TEMPO.CO, Jakarta - Komisioner Komisi Nasional Hak Asasi Manusia (Komnas HAM) Choirul Anam mempertanyakan alasan Jaksa Agung Sanitiar Burhanuddin melarang terdakwa mendadak menggunakan atribut keagamaan. Menurut dia, ekspresi keagamaan seseorang tak boleh dilarang.
“Jaksa Agung tidak boleh berprasangka dalam membuat aturan,” kata dia di Bekasi, Kamis, 19 April 2022.

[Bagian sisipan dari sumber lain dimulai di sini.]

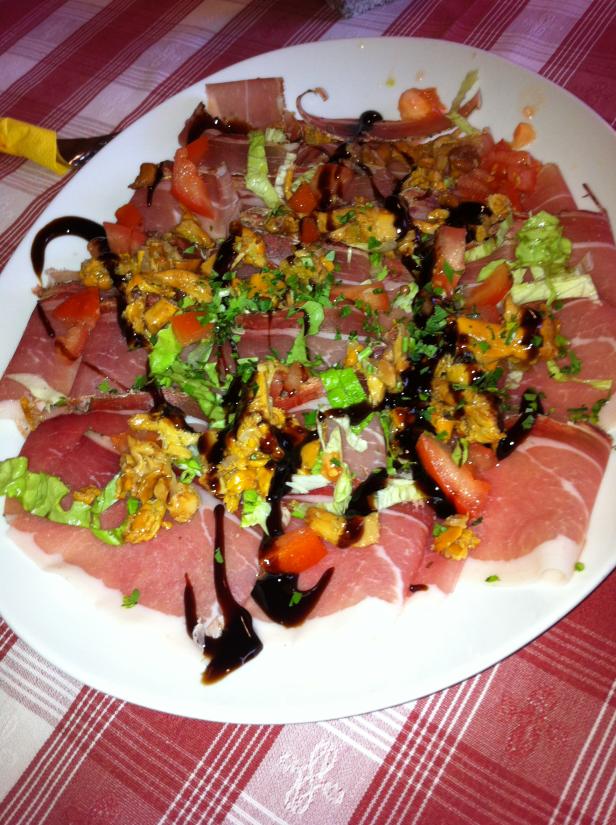 Ein Teller mit Schinken, Pfifferlingen, Tomaten und Balsamico-Glasur auf einem rot-weiß karierten Tisch.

Dia mengatakan seorang terdakwa bisa saja merasakan penyesalan mendalam ketika tersandung kasus hukum. Mereka lalu mengekspresikan pertobatannya dengan menggunakan atribut agama. “Ekspresi pertobatannya bisa jadi dengan simbol keagamaan,” kata dia.
Menurut Anam, Jaksa Agung hanya boleh membuat larangan tersebut dengan alasan yang jelas. Alasan itu adalah bahwa penggunaan atribut agama terbukti mempengaruhi hakim maupun jaksa dalam mengambil keputusan.
“Problem utama yang harus dibuktikan adalah mekanisme peradilan itu terpengaruh atau tidak dengan adanya simbol agama,” ujar dia.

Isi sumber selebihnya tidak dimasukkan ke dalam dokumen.